D. Izaura morava em Santana, estive algumas vezes em seu apartamento. Ela
me mostrou algumas fotografias e recortes de jornais, mas nunca consegui a
entrevistar direito, porque ela começava a falar de um assunto, passava para
outro e no fim estávamos dando risada de alguma outro episódio.
Na ocasião da conclusão do curso de Jornalismo, em 2011, optei por fazer
o TCC voltado para as memórias do rádio, meu objeto de estudo foi a Rádio
Record.

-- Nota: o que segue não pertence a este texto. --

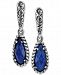 Caroly Pollack Lapis Lazuli/Rock Quartz Drop Earrings (4-7/8 ct. t. w. ) in Sterling Silver
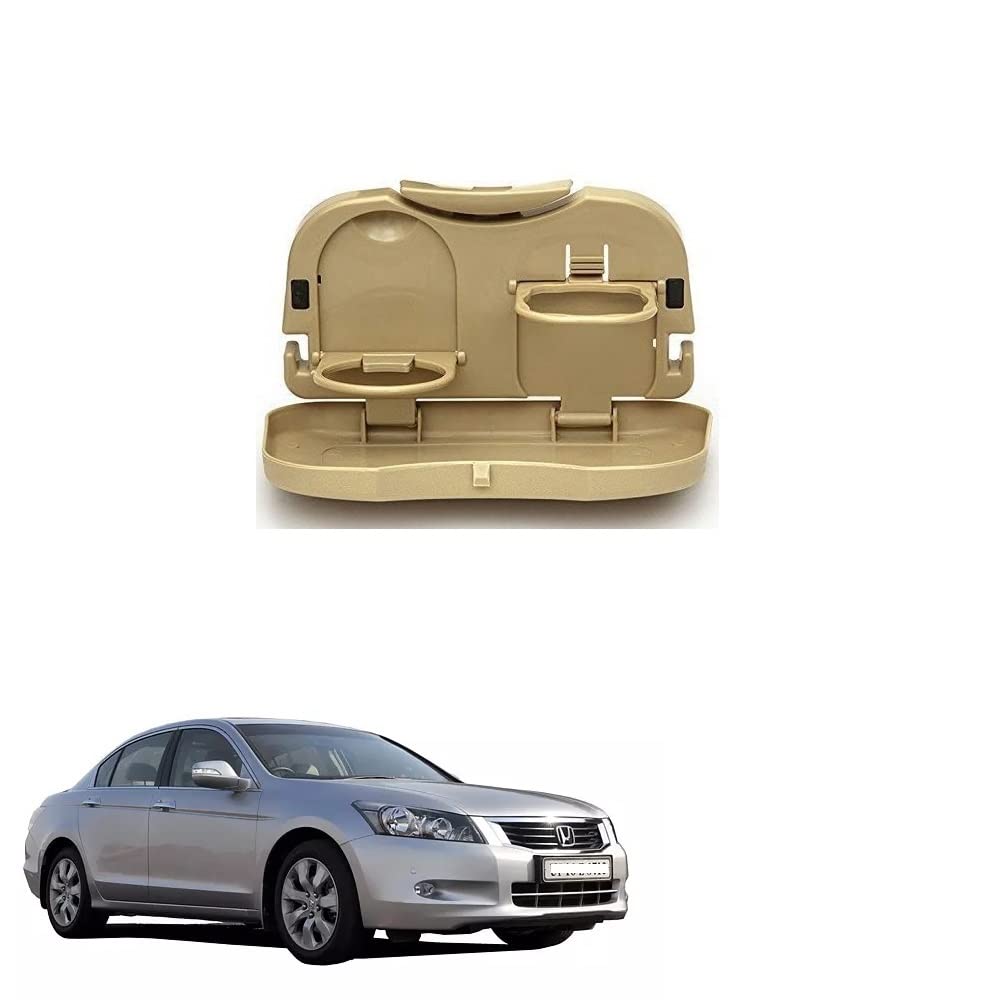 Stylish Foldable Compact Car Back Seat Tray for Food/Drinks/Cup/Bottle Holder Universal Pack of 1 Suitable for Accord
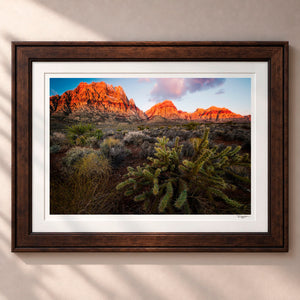 Bright and Early Framed Heritage Brown - (2 9 16" Frame Width | 2" Mat)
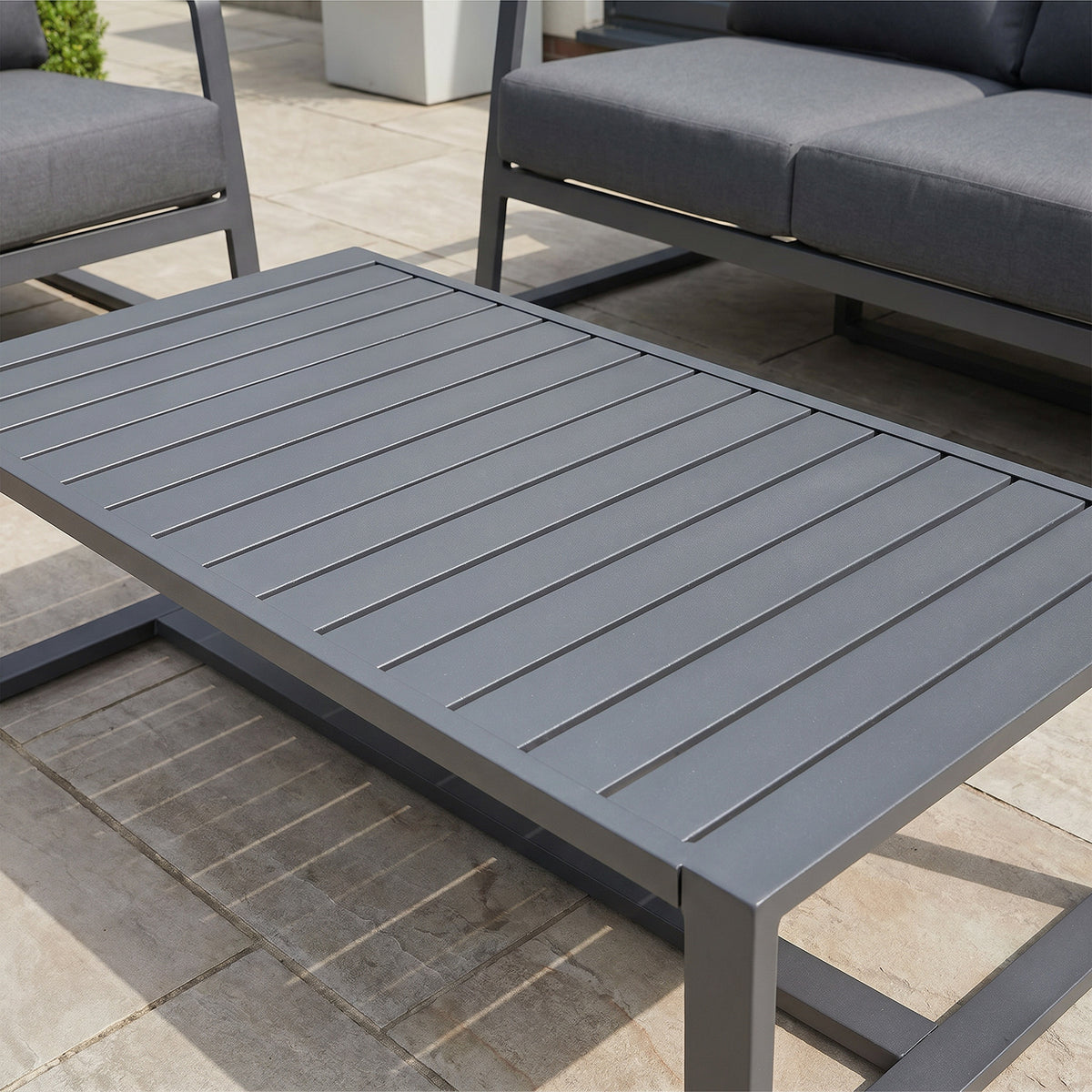 Bracken Outdoors Byron Aluminium Garden Furniture Lounge Sofa Set with Coffee Table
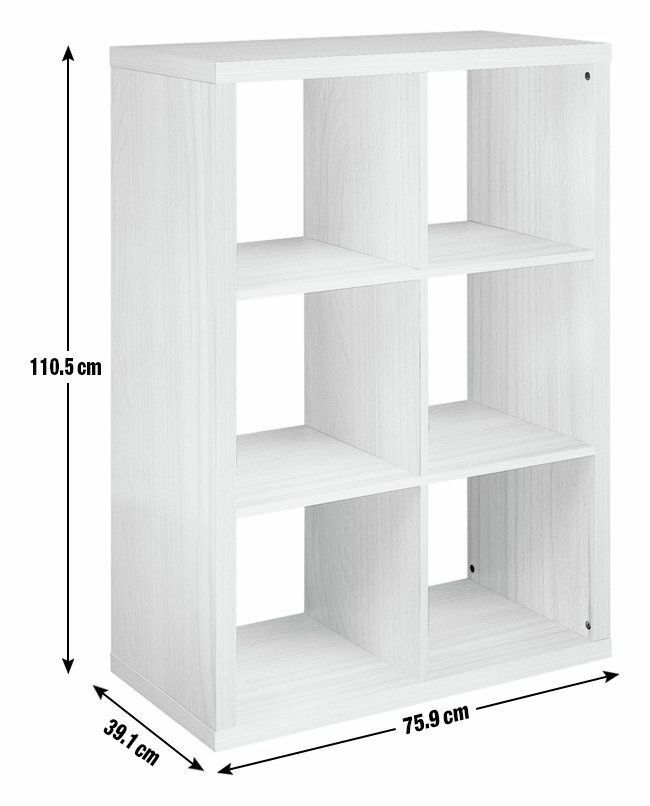 Habitat Squares Plus 6 Cube Storage Unit - White | Organiser Shelf Living Room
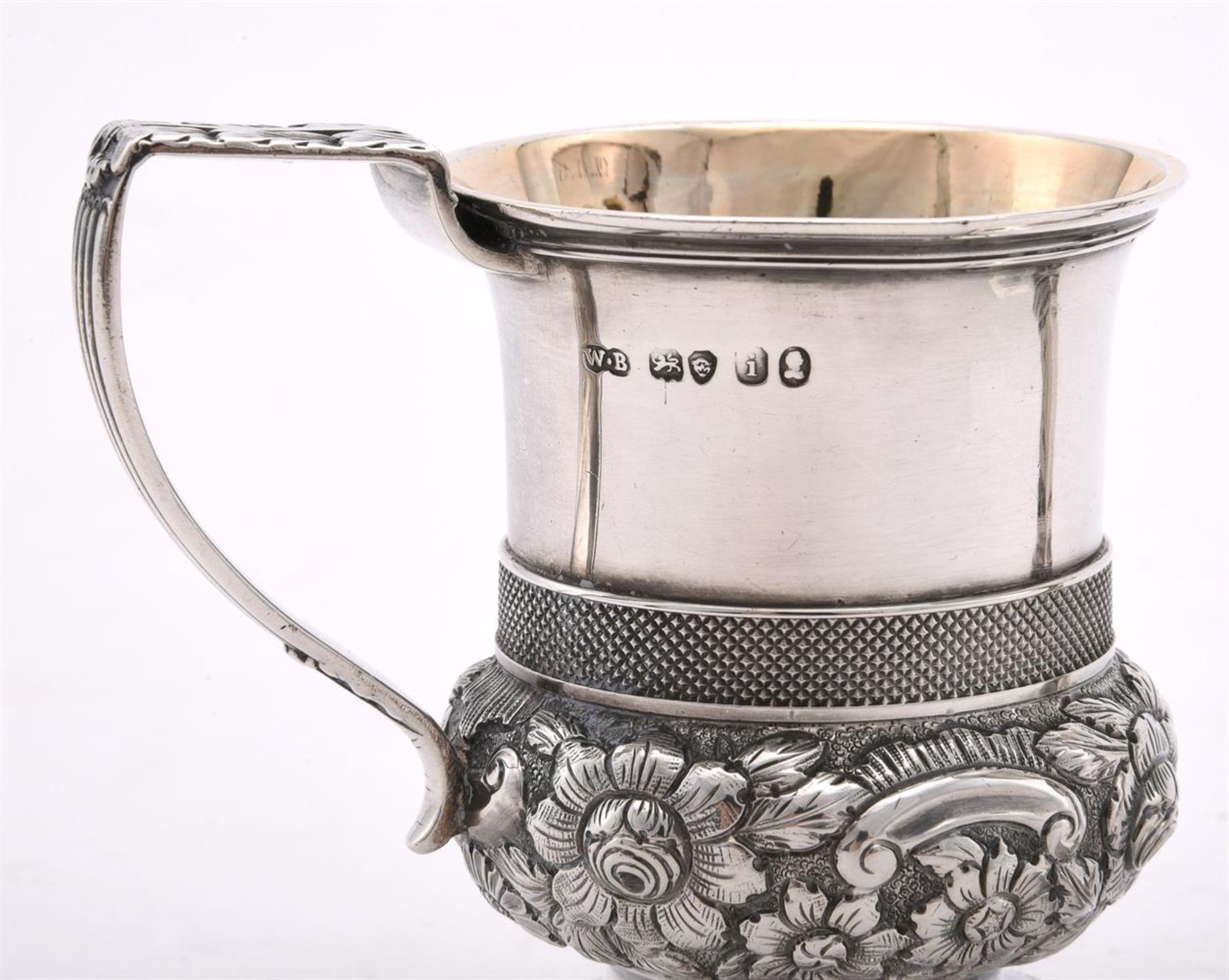 A VICTORIAN SILVER WINE CUP - Image 3 of 4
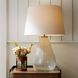 Tiber 30 inch 150.00 watt Clear and Antique Brass Table Lamp Portable Light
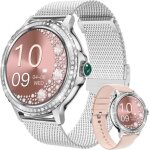 Montre connect�e femme hommes smartwatch pour iphone android avec fr�quence cardiaque / moniteur de sommeil ...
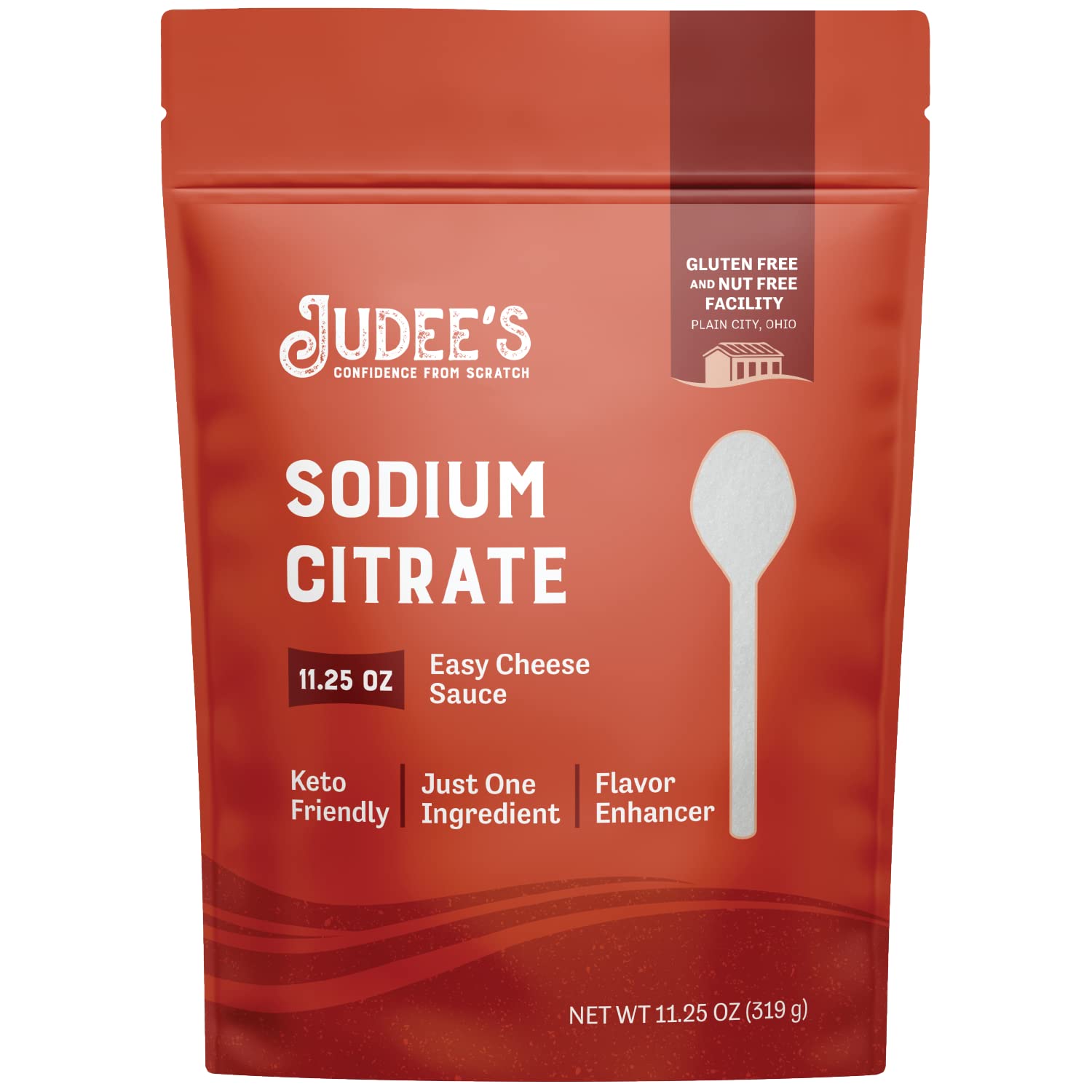Judees Sodium Citrate 11.25 oz - 100% Non-GMO, Keto-Friendly - Gluten-Free and Nut-Free - Food Grade - Great for Molecular Gastr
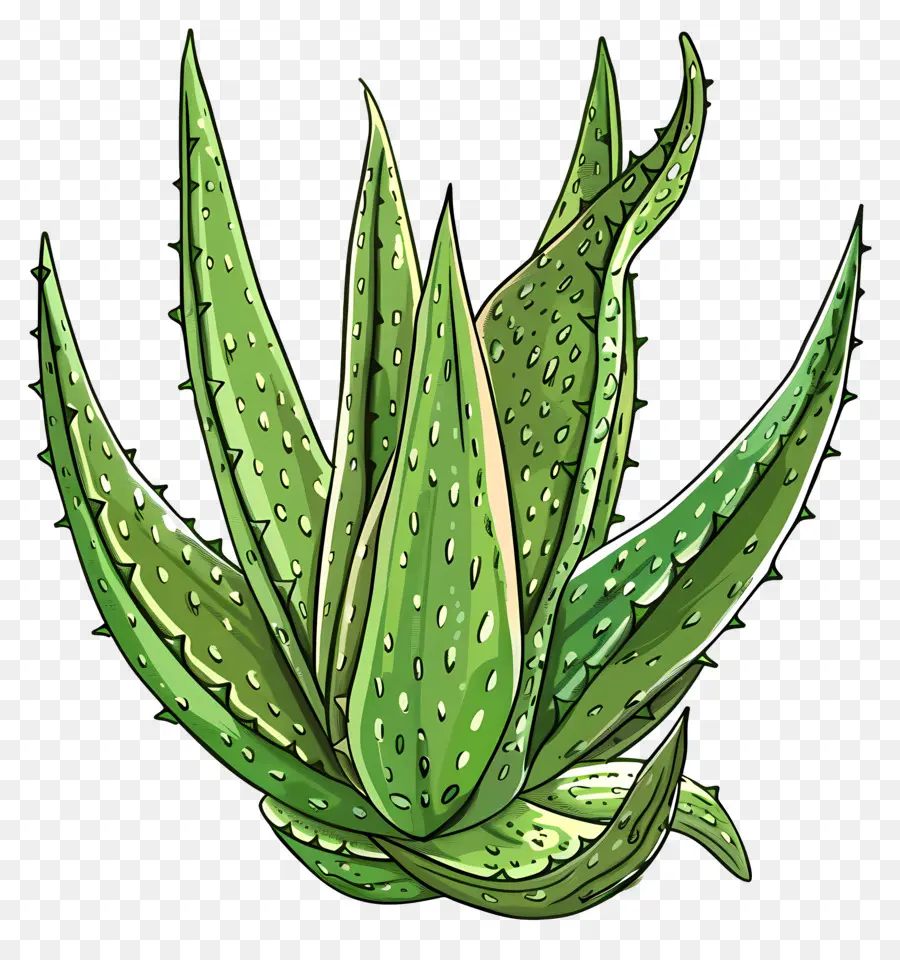 алоэ вера，Aloe Plant PNG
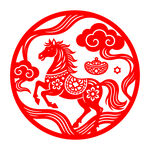 马年剪纸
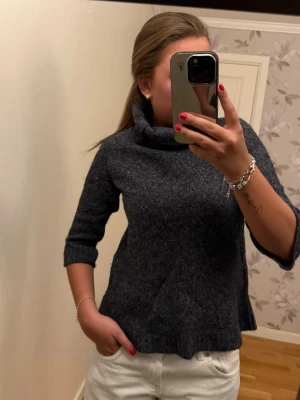 Polotröja - Superfin blåmelerad polotröja!☺️☺️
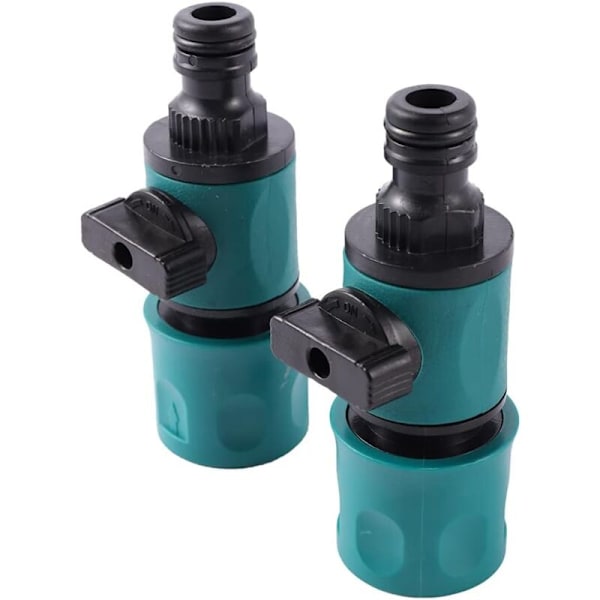 2 kpl 16 mm Drivet-putken pikaliitin 2-suuntaisella sulkuventtiilillä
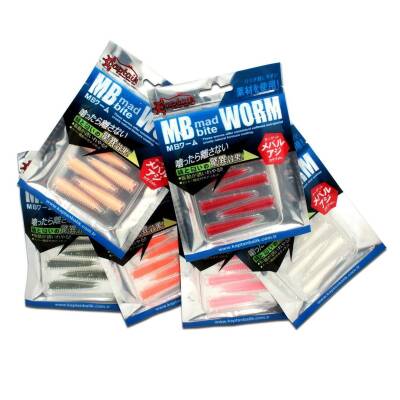 Captain 3518 Mad Bite Earth Worm 4 cm Aromalı LRF Silikon Yem 8li Set - 3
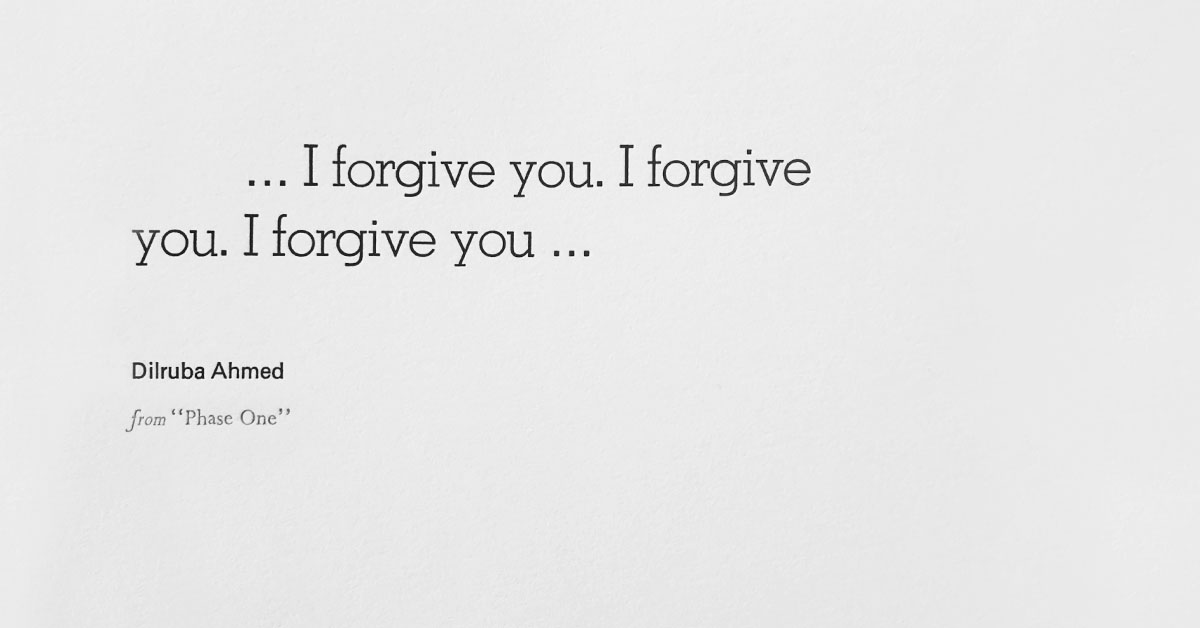 Forgive will poems you me 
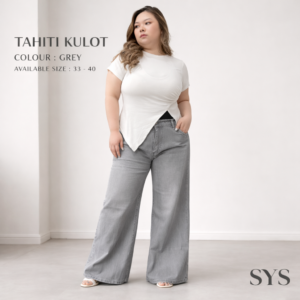 Kulot | High Waist Wide Leg Denim Grey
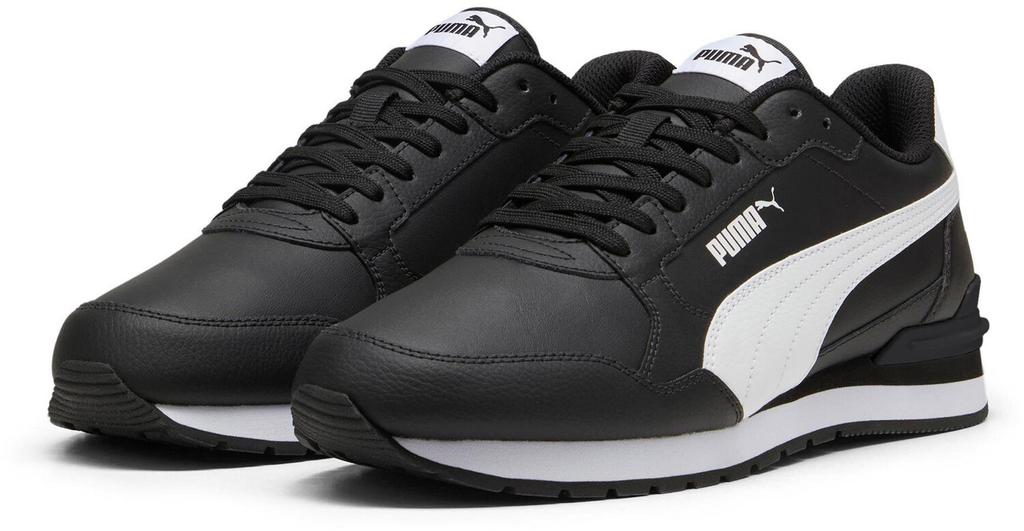 Кроссовки Puma ST Runner v4 Leather black/white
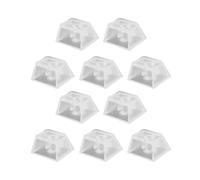 HAKIDZEL 10pcs Keycap Mechanical Keyboard Keycap Decoration Abs Blank No Printed R3 Original Height Translucent Design for Brighter Backlight, Gaming and Keyboard Enthusiasts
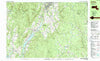 Cheshire Massachusetts Historical topographic map, 1:25000 scale, 7.5 X 15 Minute, Year 1988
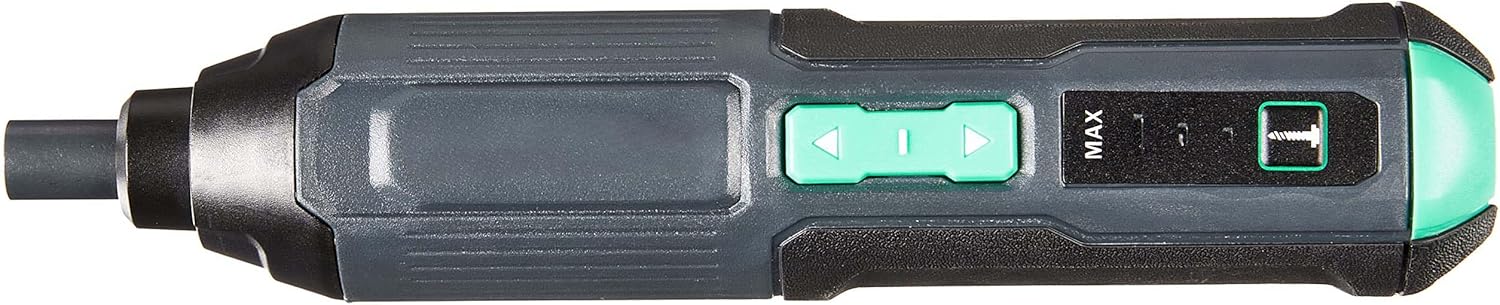 Amazon Basics by SKIL 4V Cordless Stick Screwdriver with 10-Piece Bit Set and USB Cable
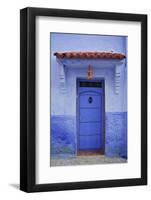 Traditional Bluehouse, Chefchaouen (Chefchaouene), Morocco, North Africa, Africa-Simon Montgomery-Framed Photographic Print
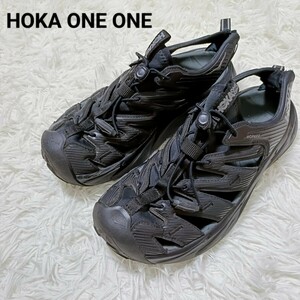 ホカオネオネ HOKA ONE ONE HOPARA ホパラ マウンテンサンダル ハイキング 黒色 ブラック メンズ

D. Izaura me concedeu uma entrevista, revelou que algumas vezes foi
escalada para trabalhar nos programas da Record, pois era contratada da Rádio
S. Paulo, pertencente ao grupo das “Emissoras Unidas” administrada pela família
Carvalho.
Dois anos depois, em 2013, aproveitando o material da pesquisa
acadêmica, nasceu o livro A Música
Popular no Rádio Paulista, 1928 – 1960, e o lançamento aconteceu na Casa
Amadeus, antigo espaço ocupado pela Rádio Record, no Palacete Lara, na Rua
Quintino Bocaíuva, no centro histórico da pauliceia. Imagina só a emoção que
foi! E d. Izaura esteve lá conosco, esbanjando simpatia.
Poucos meses depois, quando lancei o livro A Dinastia do Rádio Paulista, em coautoria com Valdir Comegno,
tivemos a sorte de o lançamento acontecer no auditório da Ordem dos Músicos do
Brasil, na Av. Ipiranga. Foi uma evento espetacular! D. Izaura foi homenageada
junto com as cantoras do rádio. Aos 90 anos, ela já estava com a saúde fragilizada,
mesmo assim compareceu e ficou bastante emocionada. Nem poderíamos imaginar que
seria a última homenagem que prestaríamos em vida.
Foi triste receber a notícia do seu falecimento pouco tempo depois. Em
25 de julho, ela nos deixou. Junto com o amigo Diego Nunes, fomos nos despedir
da querida amiga no velório, no Cemitério do Araçá.
Devo registrar que a sala onde d. Izaura foi velada, irradiava um
sentimento de leveza. Seu ataúde estava todo decorado com margaridas, que
combinaram muito bem com sua personalidade. Apenas podemos ver o seu semblante,
estava serena e sua expressão dava-nos a impressão que ela foi em paz por ter
cumprido sua missão aqui na terra com dignidade, amor e muito bom-humor.
Sempre que me recordo de d. Izaura uma sensação de alegria brilha na alma, pois essa foi a impressão que ela deixou marcada em minha vida, e acredito que o mesmo acontece com todas as pessoas que compartilharam da sua vivência e da sua arte.